CACHE INDEX tbl_name IN repair_cache;
LOAD INDEX INTO CACHE tbl_name;
REPAIR TABLE tbl_name ;
SET GLOBAL repair_cache.key_buffer_size = 0;

If you intend to change a global variable but want to do so only for the duration of a REPAIR TABLE operation to minimally affect other users, save its value in a user variable and restore it afterward. For example:

SET @old_myisam_sort_buffer_size = @@global.myisam_max_sort_file_size;
SET GLOBAL myisam_max_sort_file_size = 100*1024*1024*1024;
REPAIR TABLE tbl_name ;
SET GLOBAL myisam_max_sort_file_size = @old_myisam_max_sort_file_size;

The system variables that affect REPAIR TABLE can be set globally at server startup if you want the values to be in effect by default. For example, add these lines to the server my.cnf file:

[mysqld]
myisam_sort_buffer_size=256M key_buffer_size=1G myisam_max_sort_file_size=100G

These settings do not include read-buffer-size. Setting read_buffer_size globally to a large value does so for all sessions and can cause performance to suffer due to excessive memory allocation for a server with many simultaneous sessions.

Optimizing for MEMORY Tables

Consider using MEMORY tables for noncritical data that is accessed often, and is read-only or rarely updated. Benchmark your application against equivalent InnoDB or MyISAM tables under a realistic workload, to confirm that any additional performance is worth the risk of losing data, or the overhead of copying data from a disk-based table at application start.

For best performance with MEMORY tables, examine the kinds of queries against each table, and specify the type to use for each associated index, either a B-tree index or a hash index. On the CREATE INDEX statement, use the clause USING BTREE or USING HASH. B-tree indexes are fast for queries that do greater-than or less-than comparisons through operators such as > or BETWEEN. Hash indexes are only fast for queries that look up single values through the = operator, or a restricted set of values through the IN operator. For why USING BTREE is often a better choice than the default USING HASH, see , "How to Avoid Full Table Scans". For implementation details of the different types of MEMORY indexes, see , "Comparison of B-Tree and Hash Indexes".

Understanding the Query Execution Plan

Optimizing Queries with EXPLAIN
EXPLAIN Output Format
Estimating Query Performance
Controlling the Query Optimizer

Depending on the details of your tables, columns, indexes, and the conditions in your WHERE clause, the MariaDB optimizer considers many techniques to efficiently perform the lookups involved in an SQL query. A query on a huge table can be performed without reading all the rows; a join involving several tables can be performed without comparing every combination of rows. The set of operations that the optimizer chooses to perform the most efficient query is called the "query execution plan", also known as the EXPLAIN plan. Your goals are to recognize the aspects of the EXPLAIN plan that indicate a query is optimized well, and to learn the SQL syntax and indexing techniques to improve the plan if you see some inefficient operations.

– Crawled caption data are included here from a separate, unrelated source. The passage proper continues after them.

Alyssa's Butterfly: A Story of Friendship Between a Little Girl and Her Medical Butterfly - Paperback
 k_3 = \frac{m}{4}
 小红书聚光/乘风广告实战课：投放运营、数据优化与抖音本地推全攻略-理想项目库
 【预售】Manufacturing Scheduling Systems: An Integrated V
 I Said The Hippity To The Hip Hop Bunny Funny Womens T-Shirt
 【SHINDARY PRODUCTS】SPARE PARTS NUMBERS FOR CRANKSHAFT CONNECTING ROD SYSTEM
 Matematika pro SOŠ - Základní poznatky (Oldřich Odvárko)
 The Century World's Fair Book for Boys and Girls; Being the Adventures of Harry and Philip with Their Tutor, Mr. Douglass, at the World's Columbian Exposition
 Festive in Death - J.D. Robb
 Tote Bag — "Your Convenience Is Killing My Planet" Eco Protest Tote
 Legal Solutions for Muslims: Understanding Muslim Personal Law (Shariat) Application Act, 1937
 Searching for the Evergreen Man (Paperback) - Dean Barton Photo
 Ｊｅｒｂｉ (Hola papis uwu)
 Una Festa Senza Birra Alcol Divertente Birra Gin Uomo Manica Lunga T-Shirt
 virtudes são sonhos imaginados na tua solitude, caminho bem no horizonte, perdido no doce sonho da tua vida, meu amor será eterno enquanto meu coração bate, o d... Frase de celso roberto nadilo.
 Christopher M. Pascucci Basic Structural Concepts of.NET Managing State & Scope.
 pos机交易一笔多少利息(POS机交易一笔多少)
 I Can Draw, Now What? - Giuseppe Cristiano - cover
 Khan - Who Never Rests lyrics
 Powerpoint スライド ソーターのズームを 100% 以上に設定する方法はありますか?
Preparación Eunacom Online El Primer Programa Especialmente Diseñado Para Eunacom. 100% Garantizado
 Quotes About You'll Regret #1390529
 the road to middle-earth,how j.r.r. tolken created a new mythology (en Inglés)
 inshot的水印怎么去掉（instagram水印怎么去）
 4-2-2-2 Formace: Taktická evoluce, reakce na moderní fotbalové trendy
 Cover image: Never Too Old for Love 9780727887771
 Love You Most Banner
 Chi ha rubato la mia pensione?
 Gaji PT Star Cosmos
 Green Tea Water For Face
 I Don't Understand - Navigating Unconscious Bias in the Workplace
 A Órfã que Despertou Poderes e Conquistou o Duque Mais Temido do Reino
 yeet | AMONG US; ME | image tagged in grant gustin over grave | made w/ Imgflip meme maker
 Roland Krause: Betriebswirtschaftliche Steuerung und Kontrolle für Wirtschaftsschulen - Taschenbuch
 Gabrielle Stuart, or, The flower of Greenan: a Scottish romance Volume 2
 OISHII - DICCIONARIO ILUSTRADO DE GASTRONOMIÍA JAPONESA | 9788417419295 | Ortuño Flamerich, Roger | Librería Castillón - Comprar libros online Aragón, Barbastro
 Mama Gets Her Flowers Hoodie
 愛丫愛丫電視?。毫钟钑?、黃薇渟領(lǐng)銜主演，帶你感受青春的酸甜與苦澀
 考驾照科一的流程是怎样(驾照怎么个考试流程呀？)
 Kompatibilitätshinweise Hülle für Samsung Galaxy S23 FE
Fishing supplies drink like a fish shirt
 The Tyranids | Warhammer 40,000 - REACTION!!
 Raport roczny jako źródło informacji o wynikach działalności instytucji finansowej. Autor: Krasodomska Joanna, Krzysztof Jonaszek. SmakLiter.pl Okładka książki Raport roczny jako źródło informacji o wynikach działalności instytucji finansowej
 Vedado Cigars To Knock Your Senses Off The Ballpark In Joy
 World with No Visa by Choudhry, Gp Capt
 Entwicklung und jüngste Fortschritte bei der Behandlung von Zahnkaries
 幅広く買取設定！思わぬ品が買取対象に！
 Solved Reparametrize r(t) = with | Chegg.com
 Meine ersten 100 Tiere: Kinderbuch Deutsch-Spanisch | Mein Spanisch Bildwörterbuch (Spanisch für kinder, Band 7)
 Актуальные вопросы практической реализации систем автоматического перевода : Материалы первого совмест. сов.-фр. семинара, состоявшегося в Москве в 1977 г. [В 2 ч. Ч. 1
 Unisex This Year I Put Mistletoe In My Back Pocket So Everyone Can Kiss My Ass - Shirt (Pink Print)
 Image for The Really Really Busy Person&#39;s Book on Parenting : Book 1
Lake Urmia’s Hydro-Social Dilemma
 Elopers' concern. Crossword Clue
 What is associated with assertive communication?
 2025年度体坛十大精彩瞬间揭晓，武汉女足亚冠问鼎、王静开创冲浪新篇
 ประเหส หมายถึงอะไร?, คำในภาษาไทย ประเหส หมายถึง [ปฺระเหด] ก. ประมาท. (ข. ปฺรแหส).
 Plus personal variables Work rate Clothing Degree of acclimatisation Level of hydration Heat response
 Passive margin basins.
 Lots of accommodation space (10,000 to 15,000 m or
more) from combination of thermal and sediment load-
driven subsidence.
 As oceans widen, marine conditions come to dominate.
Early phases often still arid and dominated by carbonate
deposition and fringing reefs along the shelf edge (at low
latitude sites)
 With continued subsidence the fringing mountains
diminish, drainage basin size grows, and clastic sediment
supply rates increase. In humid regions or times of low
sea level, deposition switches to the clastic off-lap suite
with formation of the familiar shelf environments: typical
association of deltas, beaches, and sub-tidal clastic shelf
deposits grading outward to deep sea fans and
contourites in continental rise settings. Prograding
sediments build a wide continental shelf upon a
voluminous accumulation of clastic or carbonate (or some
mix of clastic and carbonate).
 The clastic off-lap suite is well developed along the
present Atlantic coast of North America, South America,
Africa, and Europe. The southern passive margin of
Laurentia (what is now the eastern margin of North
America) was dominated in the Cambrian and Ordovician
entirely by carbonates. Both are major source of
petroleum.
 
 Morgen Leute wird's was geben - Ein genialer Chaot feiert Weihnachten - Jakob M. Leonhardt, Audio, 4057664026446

Optimizing Queries with EXPLAIN

The EXPLAIN statement can be used either as a way to obtain information about how MariaDB executes a statement, or as a synonym for DESCRIBE:

With the help of EXPLAIN, you can see where you should add indexes to tables so that the statement executes faster by using indexes to find rows. You can also use EXPLAIN to check whether the optimizer joins the tables in an optimal order. To give a hint to the optimizer to use a join order corresponding to the order in which the tables are named in a SELECT statement, begin the statement with SELECT STRAIGHT_JOIN rather than just SELECT. (See , "SELECT Syntax".)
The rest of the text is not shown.